At the conclusion of Lincoln's speech at Columbus, a tremendous crowd
surged forward to shake his hand. Says Dr. Holland: "Every man in the
crowd was anxious to wrench the hand of Abraham Lincoln. He finally gave
both hands to the work, with great good nature. To quote one of the
reports of the occasion: 'People plunged at his arms with frantic
enthusiasm, and all the infinite variety of shakes, from the wild and
irrepressible pump-handle movement to the dead grip, was executed upon
the devoted _dexter_ and _sinister_ of the President.

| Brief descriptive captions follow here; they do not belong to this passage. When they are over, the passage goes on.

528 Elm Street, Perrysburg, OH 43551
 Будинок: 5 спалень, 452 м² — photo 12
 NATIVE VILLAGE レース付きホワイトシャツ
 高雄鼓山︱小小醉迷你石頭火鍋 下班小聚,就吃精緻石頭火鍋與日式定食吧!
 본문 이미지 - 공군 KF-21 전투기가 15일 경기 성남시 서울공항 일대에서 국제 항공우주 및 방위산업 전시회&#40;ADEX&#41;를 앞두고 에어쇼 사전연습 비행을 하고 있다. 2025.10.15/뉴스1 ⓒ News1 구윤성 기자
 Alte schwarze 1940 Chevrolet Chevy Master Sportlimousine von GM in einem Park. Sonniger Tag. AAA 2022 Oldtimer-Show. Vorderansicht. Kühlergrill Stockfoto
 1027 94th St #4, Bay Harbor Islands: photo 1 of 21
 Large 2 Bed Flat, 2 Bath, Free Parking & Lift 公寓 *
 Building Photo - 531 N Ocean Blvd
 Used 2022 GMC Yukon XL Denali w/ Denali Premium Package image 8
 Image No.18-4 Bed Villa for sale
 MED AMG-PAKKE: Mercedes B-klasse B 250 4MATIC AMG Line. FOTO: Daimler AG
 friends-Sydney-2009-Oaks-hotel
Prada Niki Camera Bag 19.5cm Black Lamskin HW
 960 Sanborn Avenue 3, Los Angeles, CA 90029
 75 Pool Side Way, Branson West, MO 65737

Some glanced at
his face as they grasped his hand; others invoked the blessings of
heaven upon him; others affectionately gave him their last gasping
assurance of devotion; others, bewildered and furious, with hats crushed
over their eyes, seized his hands in a convulsive grasp, and passed on
as if they had not the remotest idea who, what, or where they were.' The
President at last escaped, and took refuge in the Governor's residence,
although he held a levee at the State House in the evening, where in a
more quiet way he met many prominent citizens."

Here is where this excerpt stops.